私も、社会的に、人間的に生きるのに必要な部分を成長させなければならない。このままではただの愚図になってしまう。
そう思った私は、弟にチャーハンをつくってくれたお礼とオーイシマサヨシがチャーハンをつくる動画を紹介して、ミスタードーナツに向かった。
そして今にいたる。
私はこれから「料理」というものに挑戦することにする。
もちろん、現実ではない。小説の文章ーーあるいは、エッセイの文章の中で、「虚構」で料理を行うのである。私は現実で生きるのが下手くそであることは自覚的なので、現実で頑張ろうとしたところで失敗するか、挫折するかのいずれかであることはやる前から分かっていることだ。
だからこそ「虚構」である。私は文章を書くこと自体は商業で小説を書いているという事実から、まあ、上手いほうなのではないか。という自負がある。というか上手くあってほしい。これがダメなら私に一体なにが残るというのだろう。全てのものを中途半端に投げ捨ててきた私に。
文章を書くのが上手い方。ならば、文章の中で描く料理は美味い方に転がってくれるのではないか。なんていう思惑だ。この時点で失敗しそうな臭いがぷんぷんとする。まあ、いいだろう。どうせ虚構だ。現実で失敗すれば食品を無駄にするなと怒られてしまうかもしれないが、虚構ならばデータを削除すればそこにあるのは無である。誰の迷惑にもならない。
それでは、始めることにしよう。
***
まずは現実の解像度をさらにさげることにする。一人称も「私」ではなく「僕」にする。なぜなら僕の書く小説の主人公は、だいたい一人称が僕だからだ。

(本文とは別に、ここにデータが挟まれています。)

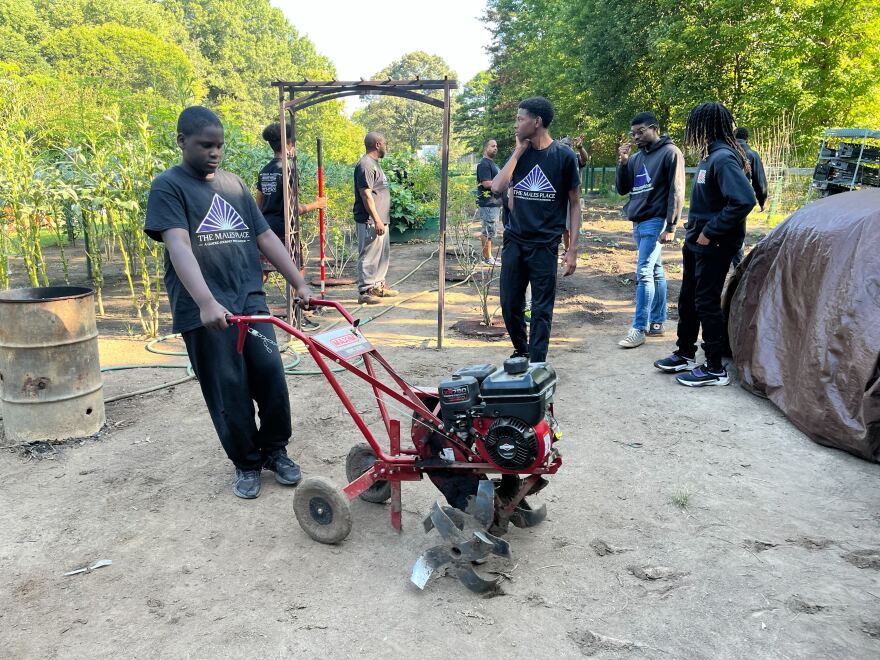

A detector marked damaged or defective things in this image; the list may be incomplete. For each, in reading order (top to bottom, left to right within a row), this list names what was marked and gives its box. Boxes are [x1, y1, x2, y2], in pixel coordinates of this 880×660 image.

rusty barrel drum [0, 288, 105, 446]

僕にする理由はいくつかあるけれども、たとえば「神聖かまってちゃんの曲の一人称がだいたい『僕』だから」とか「西尾維新の小説の主人公の一人称はだいたい『僕』だから」とか、そんなのばかりだ。深い理由なんて特にない。
あと、文字の形が小説っぽい気がする。もある。俺ではなんか違うんだよな。なんか。ともかく、僕である。

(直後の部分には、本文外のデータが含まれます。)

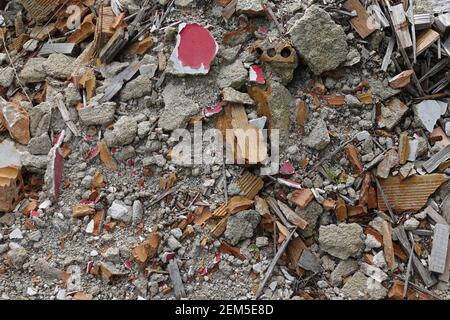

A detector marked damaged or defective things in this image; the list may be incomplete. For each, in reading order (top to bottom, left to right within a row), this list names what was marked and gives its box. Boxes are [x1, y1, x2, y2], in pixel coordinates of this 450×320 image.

rusted sheet metal [20, 0, 61, 22]
splintered wood [376, 174, 446, 214]
rusted sheet metal [378, 174, 448, 214]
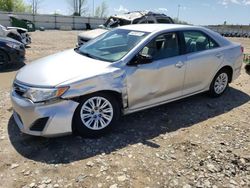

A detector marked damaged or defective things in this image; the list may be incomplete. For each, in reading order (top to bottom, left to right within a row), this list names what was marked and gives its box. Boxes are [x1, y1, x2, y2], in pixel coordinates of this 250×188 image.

wrecked vehicle [0, 24, 31, 46]
wrecked vehicle [77, 11, 174, 46]
wrecked vehicle [0, 36, 25, 70]
wrecked vehicle [11, 24, 242, 137]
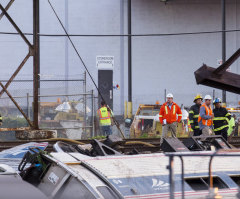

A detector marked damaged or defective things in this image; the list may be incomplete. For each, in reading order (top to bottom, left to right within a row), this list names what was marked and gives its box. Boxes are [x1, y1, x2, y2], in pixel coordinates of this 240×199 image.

bent metal frame [0, 0, 39, 131]
rusted steel girder [194, 48, 240, 94]
rusted steel girder [0, 82, 33, 127]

僕はキッチンの前に立っている。これから料理を始めようと思いたったのだけれども、問題がひとつあった。
「料理って、なにがあったっけ?」
料理というものを家庭実習のときしかやった覚えがなかった。だからレパートリーなんてものはもちろんないし、料理をしようと思いいたったところで、なにをつくればいいのかさっぱり分からなかった。そういえば、今まで書いてきた小説内でも料理の描写は避けてきた気がする。書いたのは『魔女の花嫁』のハイチ料理ぐらいか? あれもゾンビが既につくったのを持ってきた形だったから、料理の描写はしてなかったな。
とりあえず食べたいなと思った食べ物を頭に思い浮かべる。
ラーメン、たこわさ、きゅうり、フルーツグラノーラ、ハンバーガー、ポテト、うどん、柿の種。ビールを飲めば完璧だ。
なんということだ。料理というのは、まず料理を思い浮かべれないと始められないではないか。
その点、弟は成長している。卵とご飯とハムがあるのを見て、「これならチャーハンがつくれるな」と料理を思いついたのだから。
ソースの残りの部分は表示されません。